Ticks transmit certain parasites as well, though they’re more commonly associated with bacterial infections like Lyme disease. The common thread is that these parasites depend on a blood-feeding arthropod to bridge the gap between hosts, which is why vector-borne parasitic diseases cluster in warm, humid regions where insect populations are large and year-round.
Pets and Other Animals
Household pets are a surprisingly common source. Dogs and cats can carry hookworms, roundworms, tapeworms, Giardia, Cryptosporidium, and Toxoplasma. The primary route of transmission is contact with an infected animal’s feces or contaminated surfaces in its environment. Cat litter boxes are a well-known source of Toxoplasma.
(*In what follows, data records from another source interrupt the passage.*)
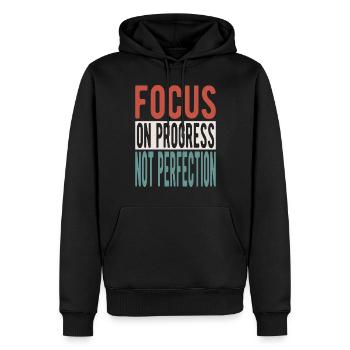 Focus on progress, not perfection - Männer Premium Bio Hoodie - Schwarz - Vorne - Nico (187cm)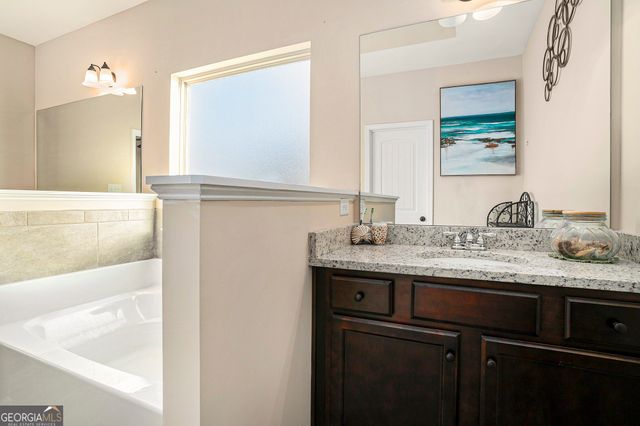 1611 Stillriver Run Drive, Mcdonough, GA 30252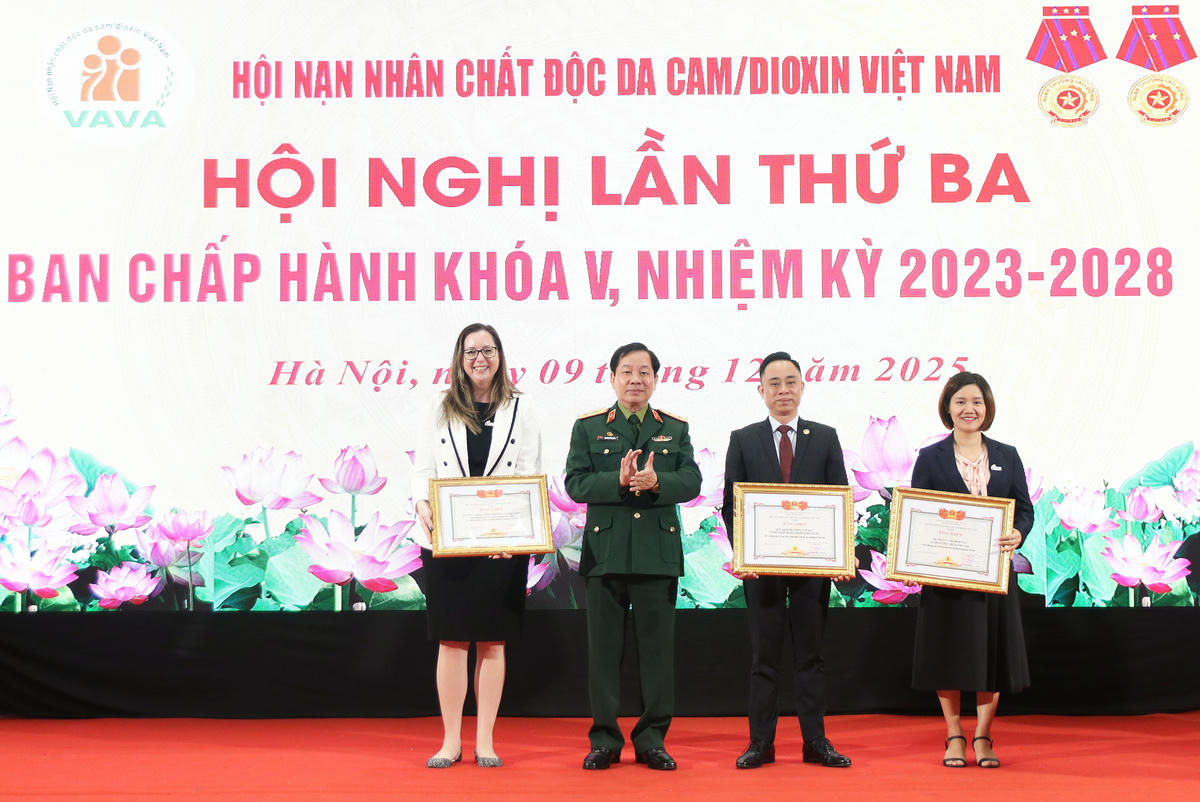 Trung tướng Nguyễn Hữu Chính trao tặng Bằng khen cho các tập thể, cá nhân có nhiều đóng góp tích cực, nỗ lực hỗ trợ nạn nhân chất độc da cam.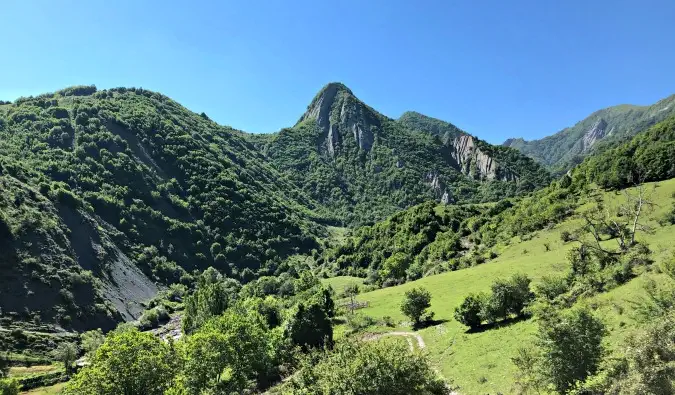 阿塞拜疆崎岖但郁郁葱葱的绿色山脉绵延至远方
Dog feces in yards and parks can deposit hookworm larvae into the soil, where they survive long enough to penetrate the skin of anyone walking barefoot.
Raccoons carry a particularly dangerous roundworm (Baylisascaris) in their droppings. Pet tapeworm infections sometimes spread when a person accidentally swallows an infected flea, which is more common in young children who play closely with animals. Regular deworming of pets, prompt cleanup of feces, and hand washing after handling animals significantly reduce these risks.
Direct Person-to-Person Contact
External parasites, the kind that live on rather than inside the body, spread primarily through close physical contact. Head lice pass from person to person during head-to-head contact and only rarely through shared hats or pillowcases. Scabies mites burrow into the skin and spread during prolonged skin contact. Pubic lice transmit during intimate body contact.
Body lice are different. They live in clothing rather than on skin and spread when clothes aren’t washed or changed regularly, making them most common among people experiencing homelessness or living in overcrowded, resource-poor conditions. In some indigenous communities in the Amazon, nearly all individuals carry head lice, and in economically disadvantaged areas, sand flea infections can affect up to 80% of children.
Pinworms, the most common intestinal parasite in developed countries, also spread person to person. Infected individuals, usually children, scratch the area around the anus where the female worm lays eggs, then transfer microscopic eggs to surfaces, bedding, or other people’s hands. From there, the eggs are swallowed and the cycle restarts.
Why Some Regions Are Hit Harder
Parasitic infections are not distributed evenly. They concentrate where sanitation infrastructure is weakest, where people rely on untreated water, where barefoot contact with soil is common, and where insect populations flourish. The WHO identifies tropical and subtropical areas with poor access to clean water, sanitation, and hygiene as the highest-burden regions. Over 600 million people are estimated to carry just one species of intestinal parasite, Strongyloides, whose geographic range overlaps heavily with other soil-transmitted worms.
In wealthier nations, parasitic infections still occur but tend to cluster around specific exposures: international travel, consumption of raw or undercooked seafood, contact with pet feces, or recreational water use. The biology of parasites hasn’t changed, but the infrastructure that interrupts their transmission, clean water, sewage treatment, food safety regulation, and pest control, determines how often they reach a human host.